Прозы, чередующей калейдоскоп причудливых образов с островками лиризма, полной более реальных, чем калейдоскоп жизни, воспоминаний детства, осененного боготворимыми памятью образами родителей… «в нас они все еще живы», говорит он — и описывает, как его мать увозили в дурдом (не правда ли, это как-то по-другому заставляет услышать само название нашего романа?). Прозы языковой, в которой предельно, неосознанно личное может проявиться, только заставив зазвучать самые глубинные, подчас подчеркнуто «высоколобые», подчас косноязычные страты языка. Из недр этой прозы и взрастает странный, постоянно мутирующий мир писателя, основными темами, основными измерениями которого оказываются детство, смерть, путешествие, игра, рассеянное, ищущее свой объект желание и, конечно, мощная, превышающая масштабы человека растительная, минеральная и животная жизнь Земли.
Да, при всей своей зашифрованности, точнее — невнятности для читателя косвенных отсылок писателя к претворенным памятью и лирой эпизодам прошлого, его насквозь проникнутое отголосками детских воспоминаний творчество остается связанным пуповиной с почвой, матерью сырой землей: писатель действительно ведет образ жизни праздного, «безработного» горожанина (на вопрос интервьюера, почему он так молодо выглядит, Савицкая ответил: «Не работать полезно для тела») и почвенника, энтузиаста-садовода.

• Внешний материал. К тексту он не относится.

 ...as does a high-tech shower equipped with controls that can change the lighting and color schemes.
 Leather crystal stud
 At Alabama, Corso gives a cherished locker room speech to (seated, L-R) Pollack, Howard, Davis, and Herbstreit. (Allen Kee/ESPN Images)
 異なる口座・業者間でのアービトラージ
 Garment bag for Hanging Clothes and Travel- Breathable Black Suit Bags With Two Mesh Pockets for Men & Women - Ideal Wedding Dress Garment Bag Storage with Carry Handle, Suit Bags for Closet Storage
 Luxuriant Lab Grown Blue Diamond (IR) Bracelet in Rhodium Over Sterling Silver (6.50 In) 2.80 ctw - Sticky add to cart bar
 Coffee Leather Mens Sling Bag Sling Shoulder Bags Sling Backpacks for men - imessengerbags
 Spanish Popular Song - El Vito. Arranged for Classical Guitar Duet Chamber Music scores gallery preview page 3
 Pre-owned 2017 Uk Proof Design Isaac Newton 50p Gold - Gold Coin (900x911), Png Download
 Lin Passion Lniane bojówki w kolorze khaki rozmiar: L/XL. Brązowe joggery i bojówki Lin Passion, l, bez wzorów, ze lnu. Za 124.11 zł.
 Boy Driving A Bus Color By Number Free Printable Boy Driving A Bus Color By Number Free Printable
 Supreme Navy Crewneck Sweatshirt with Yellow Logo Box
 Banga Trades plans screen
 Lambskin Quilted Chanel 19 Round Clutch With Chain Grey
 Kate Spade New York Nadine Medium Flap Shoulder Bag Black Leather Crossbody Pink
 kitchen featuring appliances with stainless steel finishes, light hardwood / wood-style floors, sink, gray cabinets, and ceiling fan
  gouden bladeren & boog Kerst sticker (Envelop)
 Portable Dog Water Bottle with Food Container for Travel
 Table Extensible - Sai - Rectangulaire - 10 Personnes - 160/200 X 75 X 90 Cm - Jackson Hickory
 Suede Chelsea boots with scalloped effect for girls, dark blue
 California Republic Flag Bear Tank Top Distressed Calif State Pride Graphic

Неистовствовавший в его ранних текстах мир желаний, мир насилия и перверсий, смешивающих животное и ангельское, постепенно успокаивается, умеряется; андрогинный подросток, шалун и способный на любое преступание сумасброд, остепеняется, становится ностальгирующим и чуть сентиментальным дураком (а дурак, как поясняет автор, понимается здесь в первую очередь как средневековый шут и фигляр) — сначала, в одном из предшествующих романов, дураком «цивильным», а потом и вовсе слишком вежливым. Вежливым, да не слишком: название этого романа каламбурно, и на слух его можно понять, к примеру, как «Спустил в постель»…
Так что же это такое, фрагментарный роман о детстве и семейной любви или безумная сюита стихотворений в прозе, прославляющая мир как сад и огород?.. дурацкий бестиарий или словарная одиссея?.. сюрреалистическая встреча Мальдорора с Уитменом?.. приусадебный бедекер? Решать читателю.
И, наконец, о критериях отбора авторов и книг для настоящего издания, ибо критерии эти, за исключением одного, предшествующего всем остальным (назовем его нулевым), — моих вкусов[66], — были достаточно формальными. Итак, первым критерием служила новизна автора для русскоязычного читателя: ни один из выбранных писателей не публиковался ранее по-русски. Единственное исключение — текст Жана Эшноза, но эта эпитафия-оммаж Жерому Лендону включена сюда на иных основаниях: она служит своего рода эпиграфом к основному корпусу книги, внеположна ему. Этот критерий отсеял все равно не вошедших бы Кристиана Остера и Жана Руо, а также обязательно вошедших бы Эрика Шевийяра и Жана-Филиппа Туссена. Второй критерий — автор не должен быть «перебежчиком» — то есть исключительно или с внятными оговорками (как, например, для поэтических сборников Савицкая) печататься в «Минюи», не уходя из него со временем в другие издательства[67]. Отмечу, что, во-первых, этот критерий отмел как минимум трех очень ярких писателей: одного из моих любимцев Антуана Володина, автора нескольких минималистских шедевров Мари Редонне и раблезиански напористого Франсуа Бона, а во-вторых, чуть позже отмел бы и Мари НДьяй. Третьим, на сей раз неукоснительно, при всей своей произвольности, выдержанным и, думаю, не нуждающимся в пояснениях критерием служил размер: допускались лишь компактные романы, уложившиеся в оригинале в прокрустовы 128 страниц серийного издания «Минюи». По этому критерию не прошел роман одного из фаворитов возглавляющей сейчас издательство Ирен Лендон, не только дочери, но и духовной наследницы Жерома, — «Абсолютно совершенное преступление» совсем молодого Танги Вьеля. И, наконец, при прочих равных, приоритет получали поздние, максимально приближенные — на момент составления — датой своего написания к современности произведения. Что приятно, в рамках действия предыдущих критериев, этот ни разу не вошел в противоречие с критерием нулевым.